"Life is an aimless drive that ya take alone. Might as well enjoy the ride, take the long way home." This is the chorus from the Bloodhound Gang's song, "Take the Long Way Home." I'm not sure that I have anything specific to say about this. But it's a good quote. And right now, I'm listening to the Beastie Boys.
On NPR, earlier, I heard a man named Tom Segev being interviewed. He's a columnist for the newspaper Ha'aretz (Israel), and was talking about the whole question of to what degree the Israeli government interacts with groups such Hezbollah or Hamas. He said (and, because this is overheard on the radio, I don't know that it's a perfect quote), "We claim never to be negotiating with terrorists. In fact, we are always negotiating – every government in the world is always negotiating – with terrorists."
This struck me as profoundly and fundamentally true, and puts lie to the constantly enunciated position of most governments that "negotiating with terrorists" is neither appropriate nor ever pursued as a matter of policy – "so as not to encourage them" so to speak.
I would only like to add further to his observation, by wondering: if this [i.e. "negotiation"] did not occur, with great regularity, mightn't terrorists eventually abandon their activities as fruitless?
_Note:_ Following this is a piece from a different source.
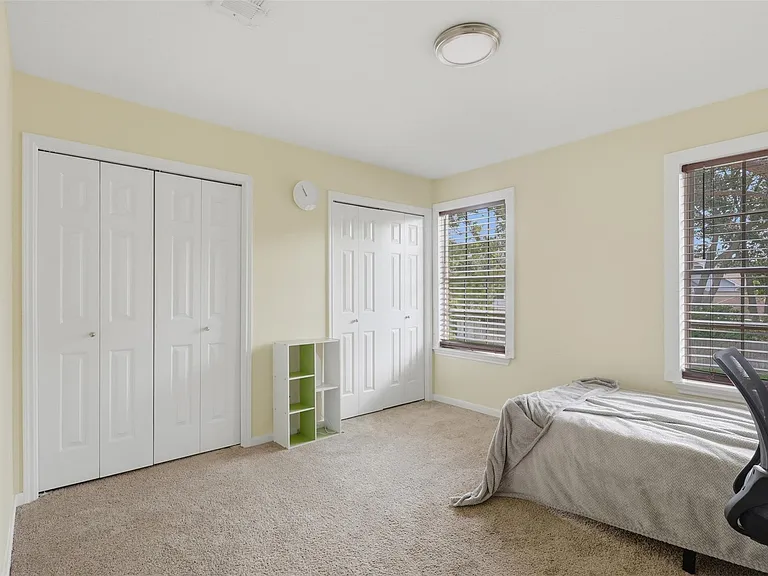 2114 Gentryside Dr — Photo 24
Terrorists are successful with their generally ideological missions mostly to the extent to which the terror they sow can induce governments to react and change policies, cede resources, or capitulate. This has always been true, and all war is, ultimately, terrorist in nature, and just an extension of politics by other means, as the aphorism has it.
And now I'm listening to Radiohead's "Backdrifts."